Problem to work on :: Write out exactly the lines running from the one with "ΚΑΛΥΜΜΑ ΠΡΟΣΤΑΣΙΑΣ ΓΙΑ" to the end of the data, including both of those lines and excluding pictures.

Image-text web data:
______
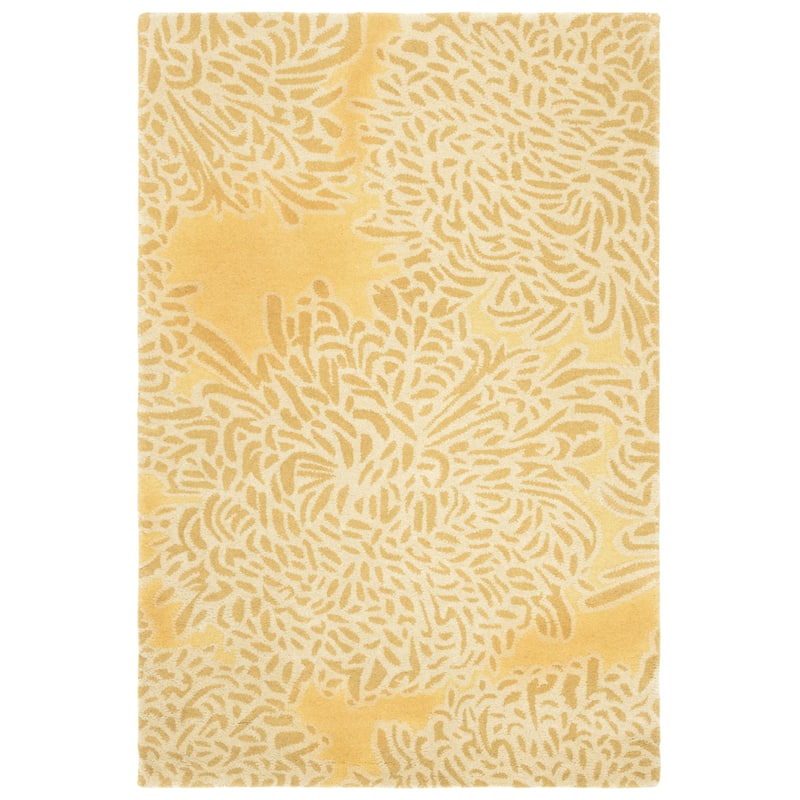 Martha Stewart by SAFAVIEH Chrysanthemum Wool Rug - 4' x 6' - Malted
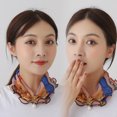 thumbnail image 3 of Neck Scarf Lightweight Soft Fake Pearl Pendant Circle Scarf Head Wrap Scarf, 3 of 10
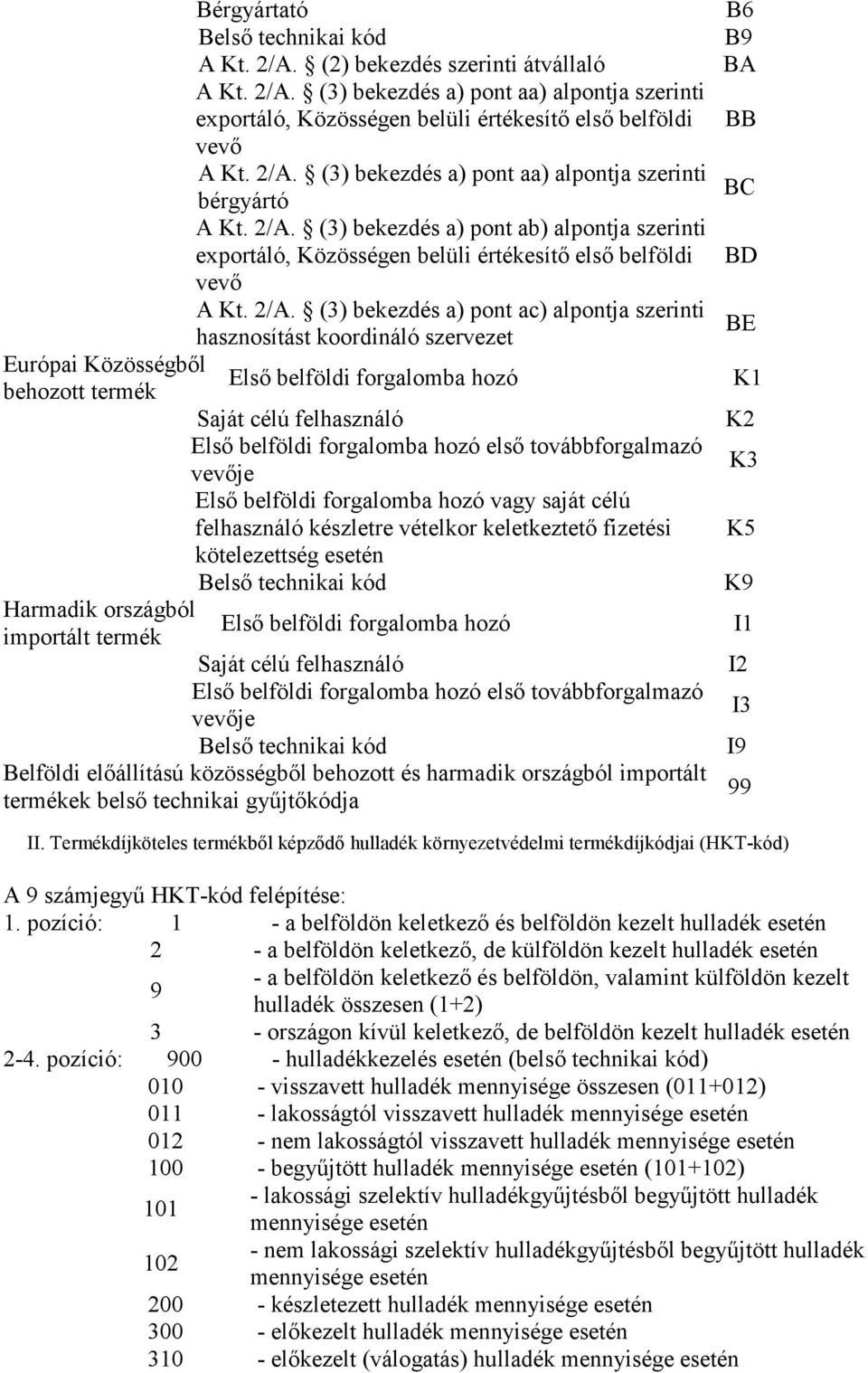 (3) bekezdés a) pont ab) alpontja szerinti exportáló, Közösségen belüli értékesítı elsı belföldi BD vevı A Kt. 2/A.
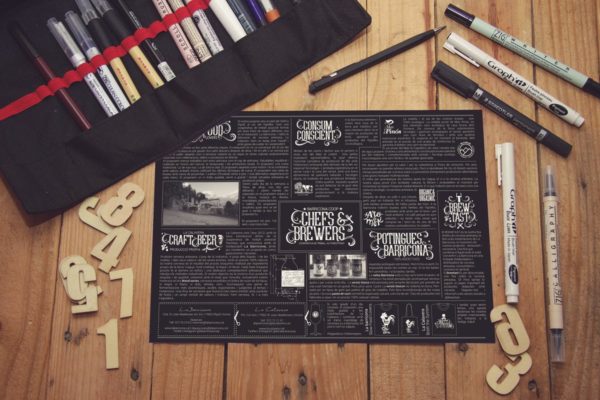 工作室桌面场景手绘创作作品展示样机第一素材精选模板 Designing Sketch & Numbers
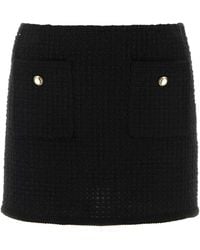 Miu Miu - Boucle Mini Skirt - Lyst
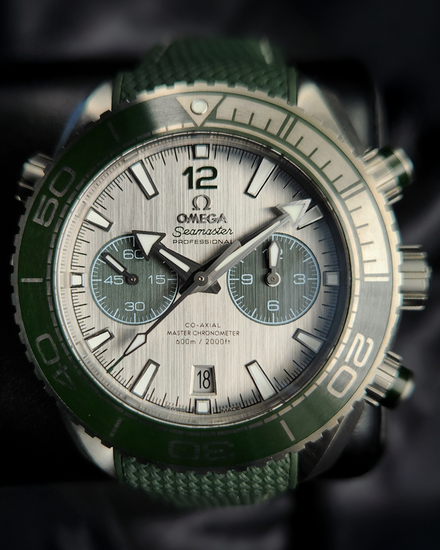 2024 Omega Seamaster Planet Ocean 600M 45.5MM Grey Dial Rubber Strap (215.32.46.51.06.001)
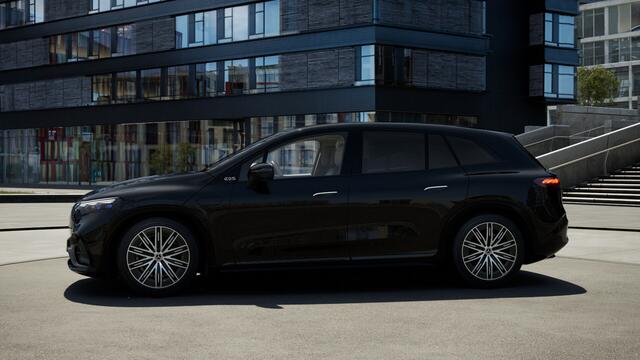 Mercedes-Benz EQS SUV 450 4MATIC AMG Line 7p 108 kWh | Trekhaak | Nightpakket | Rijassistentiepakket Plus | Akoestiekcomfortpakket | Parkeerpakket met 360°-camera | ENERGIZING-pakket Plus | DISTRONIC PLUS | KEYLESS GO-comfortpakket | EASY PACK achterklep |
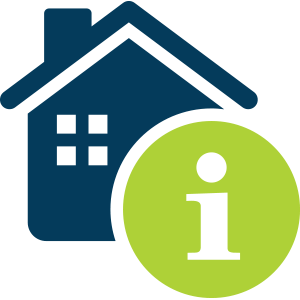 An icon of a house depicting household information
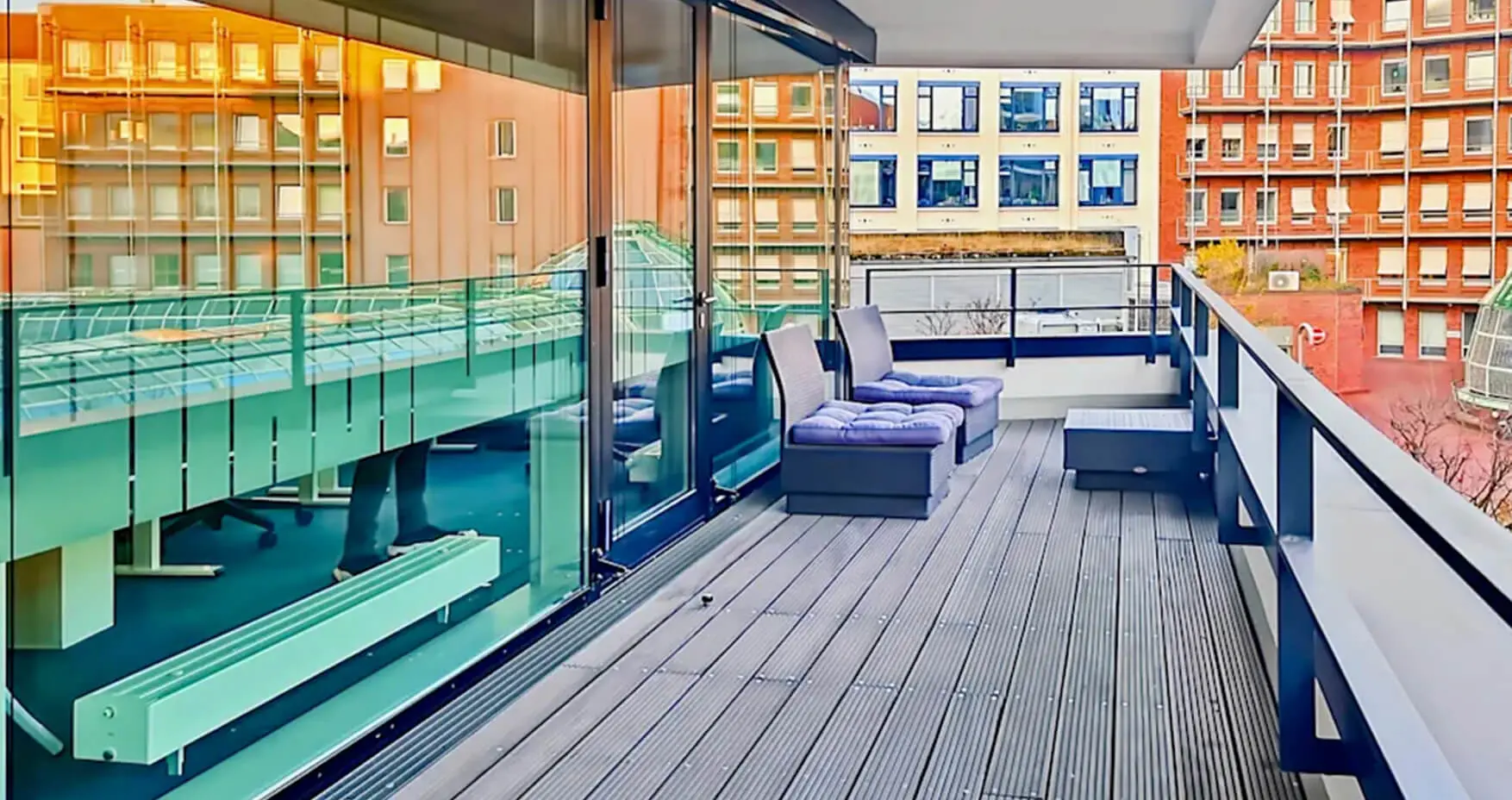 Regus Hamburg Hohen Bleichen Dachterrasse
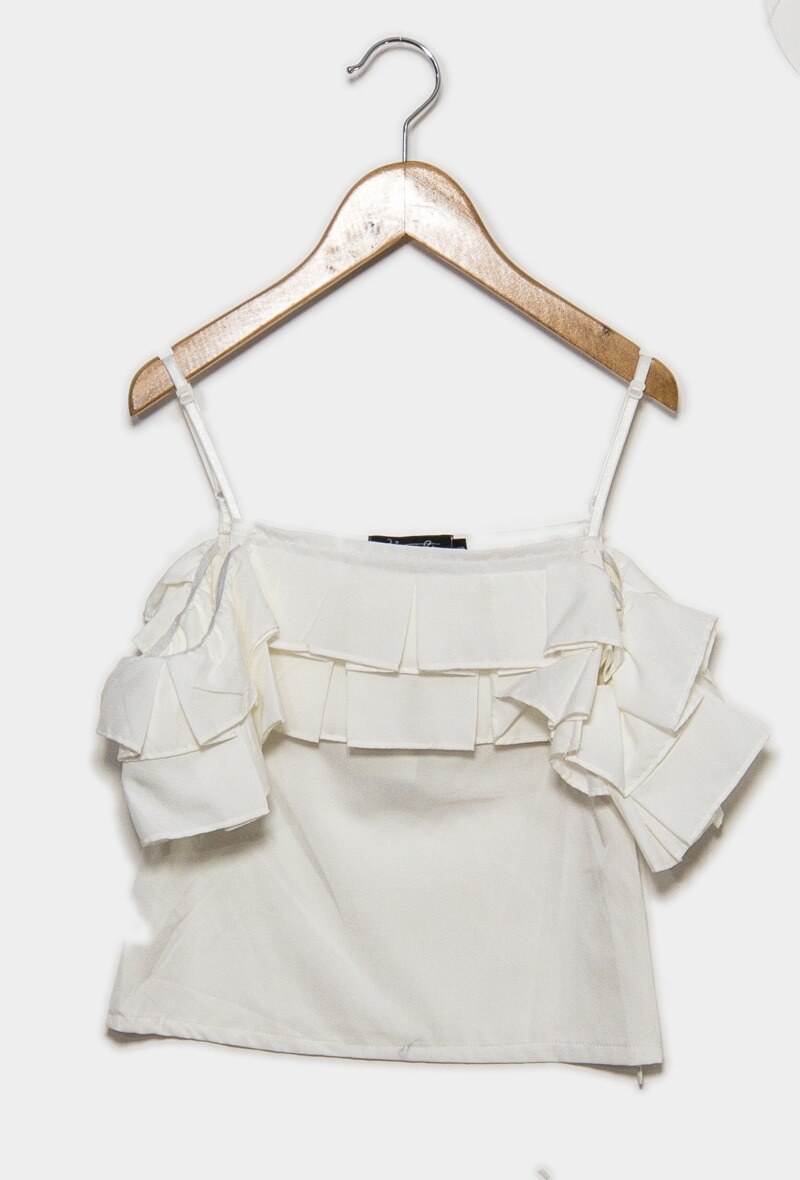 Grossiste IDEAL OUTFIT - Top en  volant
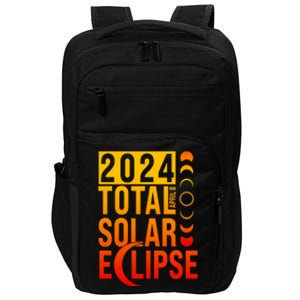 2024 Total Solar Eclipse April 8 Impact Tech Backpack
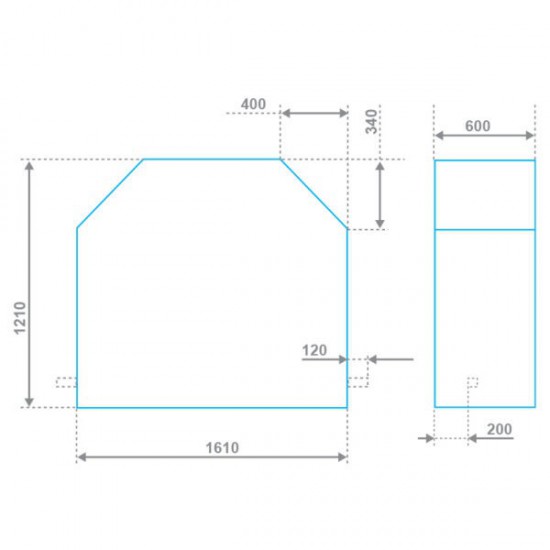 ΚΑΛΥΜΜΑ ΠΡΟΣΤΑΣΙΑΣ ΓΙΑ GAS BBQ 5 ΕΣΤΙΩΝ UNIMAC (661382)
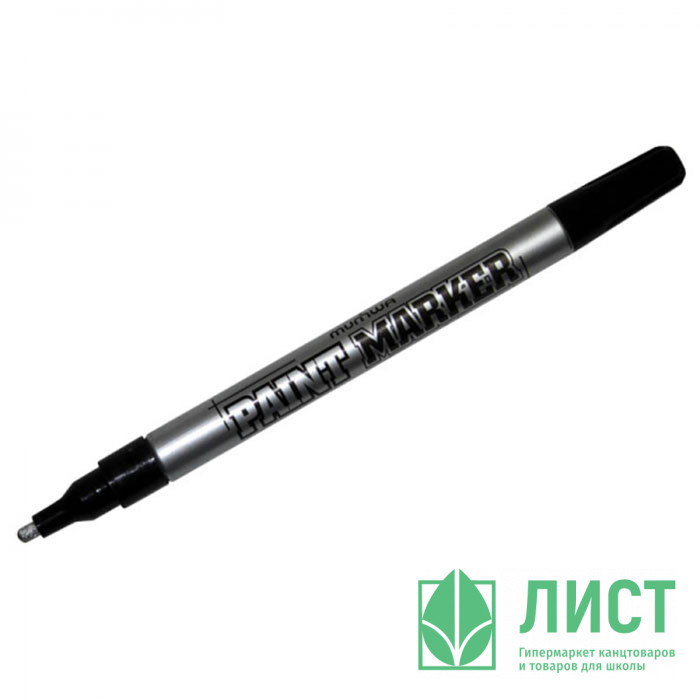 Маркер-краска MunHwa 2мм круглый, нитро-основа,серебро арт.SPM-06 (Ст.12)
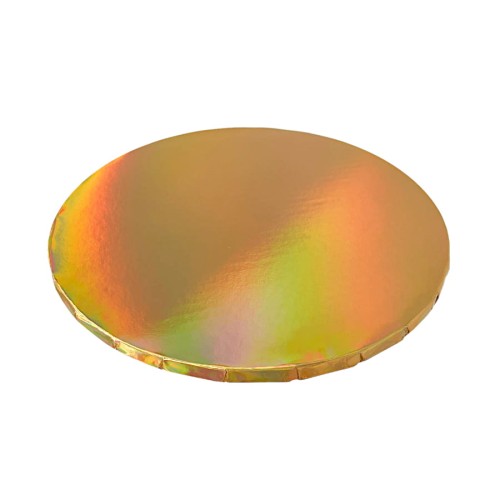 Podkład pod tort holograficzny złoty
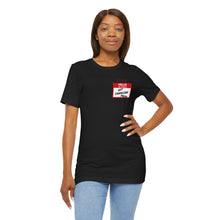 Load image into Gallery viewer, Hello My Name is... Unisex Jersey Short Sleeve Tee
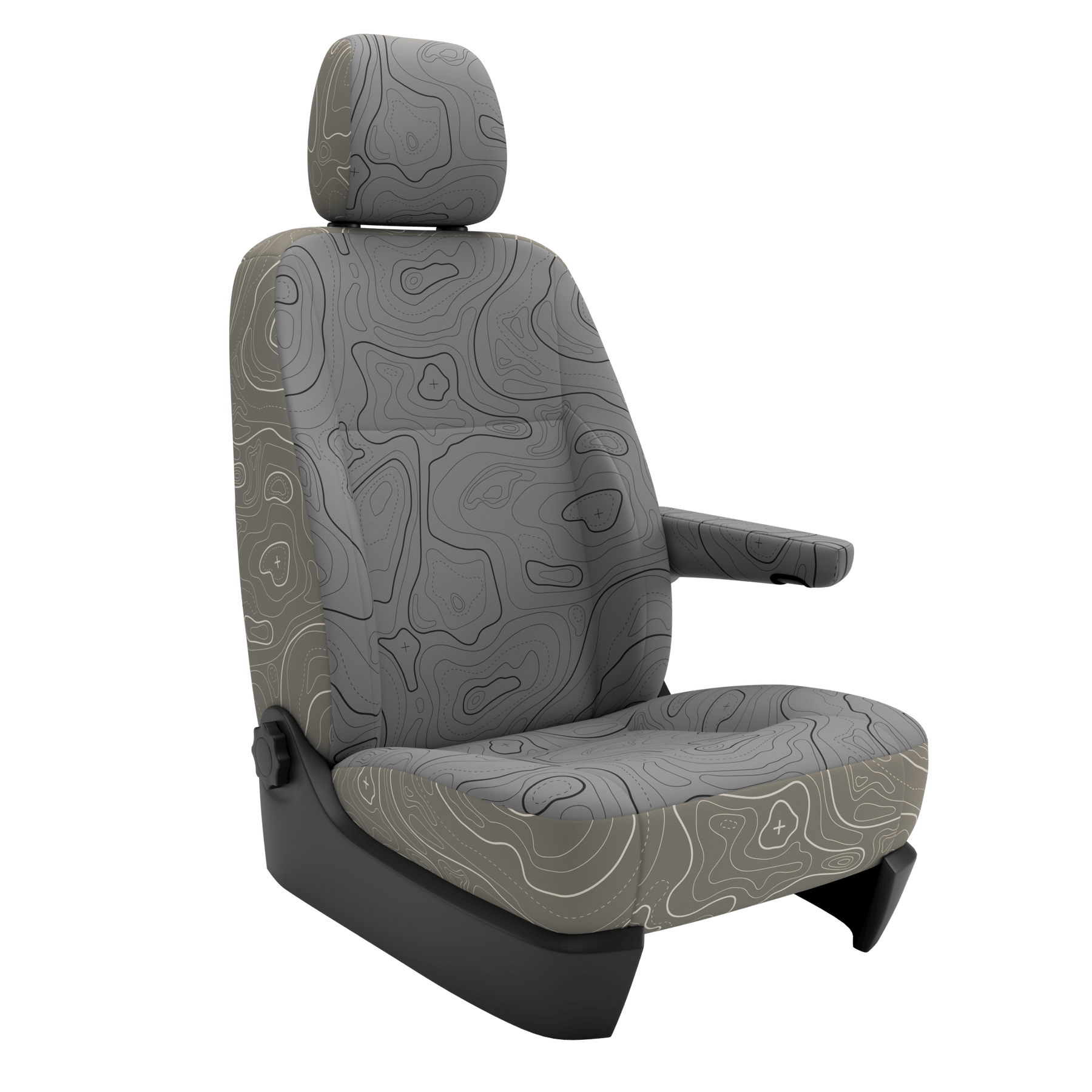 seat covers Caddy (from 2020) Wild Lines Grey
______
Task solution ::
 ΚΑΛΥΜΜΑ ΠΡΟΣΤΑΣΙΑΣ ΓΙΑ GAS BBQ 5 ΕΣΤΙΩΝ UNIMAC (661382)
 Маркер-краска MunHwa 2мм круглый, нитро-основа,серебро арт.SPM-06 (Ст.12)
 Podkład pod tort holograficzny złoty
 Load image into Gallery viewer, Hello My Name is... Unisex Jersey Short Sleeve Tee
 seat covers Caddy (from 2020) Wild Lines Grey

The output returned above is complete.